Harold M. "Hal" Brierley
- Born:: 1943
- Residence:: Dallas, Texas
- Occupation:: Executive Chairman / Founder of Brierley+Partners
- Known for:: Pioneering AAdvantage
- Spouse:: Diane Walden Brierley

= Harold Brierley =

American business executive (born 1943)

Harold Brierley is an American business and marketing executive focused on loyalty programs.

== Background ==
Born in 1943, Brierley earned a B.S. in chemical engineering from the University of Maryland and an MBA from Harvard Business School with a Baker Scholar distinction. After graduating, Brierley worked as a research assistant for Harvard professor Charles M. Williams and co-founded Epsilon Data Management with former Harvard classmates in 1968.

== Business career ==
In 1980, a former classmate from Harvard hired Brierley to design American Airlines' traveler rewards program. Brierley later became the vice president of sales and marketing for Pan American World Airways in 1982, where he developed the WorldPass loyalty program. After a year at Pan Am, Brierley left to become the senior vice president of marketing for Continental Airlines.

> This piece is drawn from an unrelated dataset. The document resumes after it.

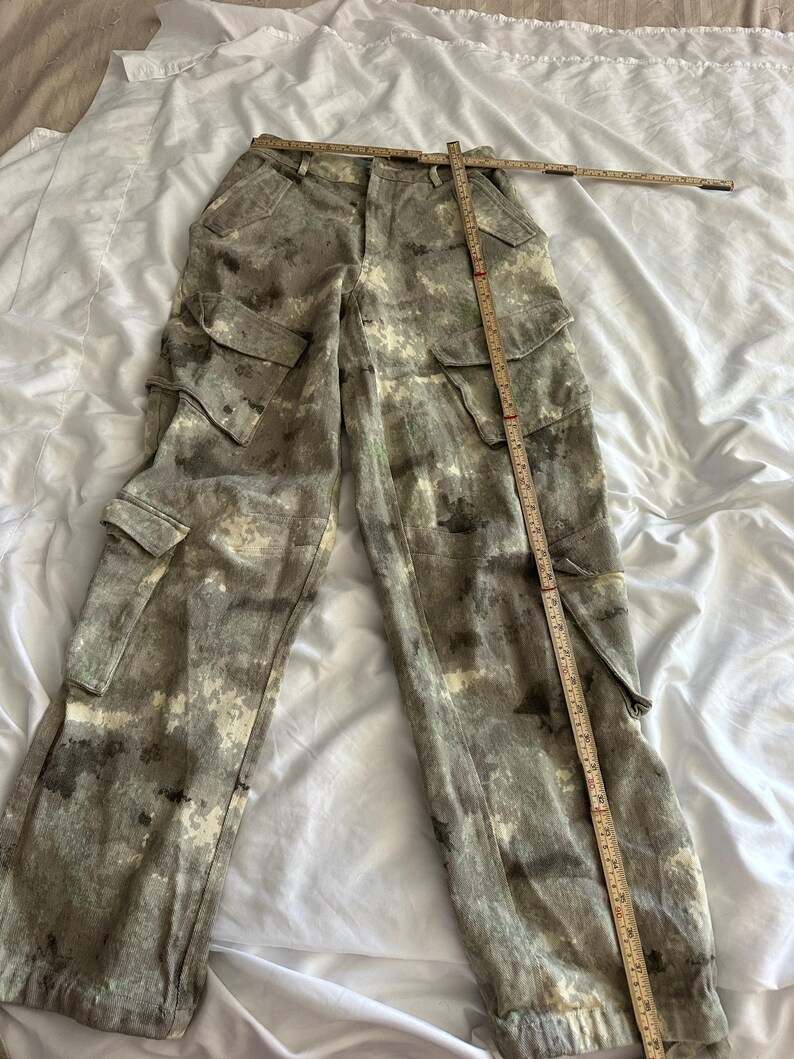 May include: Cargo pants featuring a mottled gray, white, and black camouflage-style pattern. The pants include two side cargo pockets with flaps and a waistband. A wooden folding ruler is placed across the waist and down the leg for scale.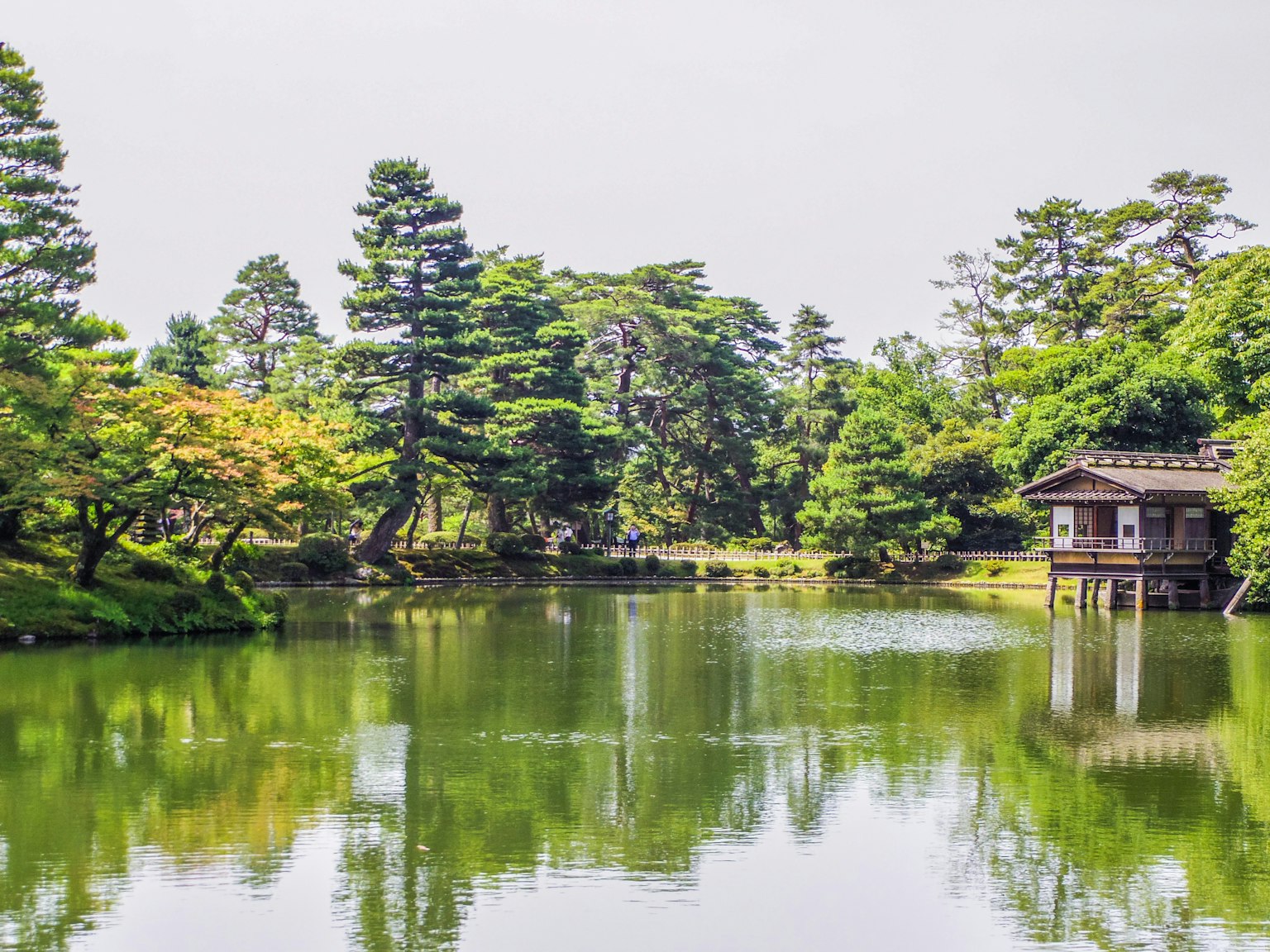 静かな池と緑豊かな木々の風景に囲まれた伝統的な建物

== Entrepreneurial career ==
In 1985, Brierley opened Brierley+Partners (B+P), a loyalty program consultancy; and launched e-Rewards, Inc., a firm that collects consumer data for engineering loyalty programs, in 1999. In 2006, Brierley created e-Miles, Inc under the B+P umbrella.

Brierley teaches a course on the founding of Epsilon Data Management at Harvard Business School.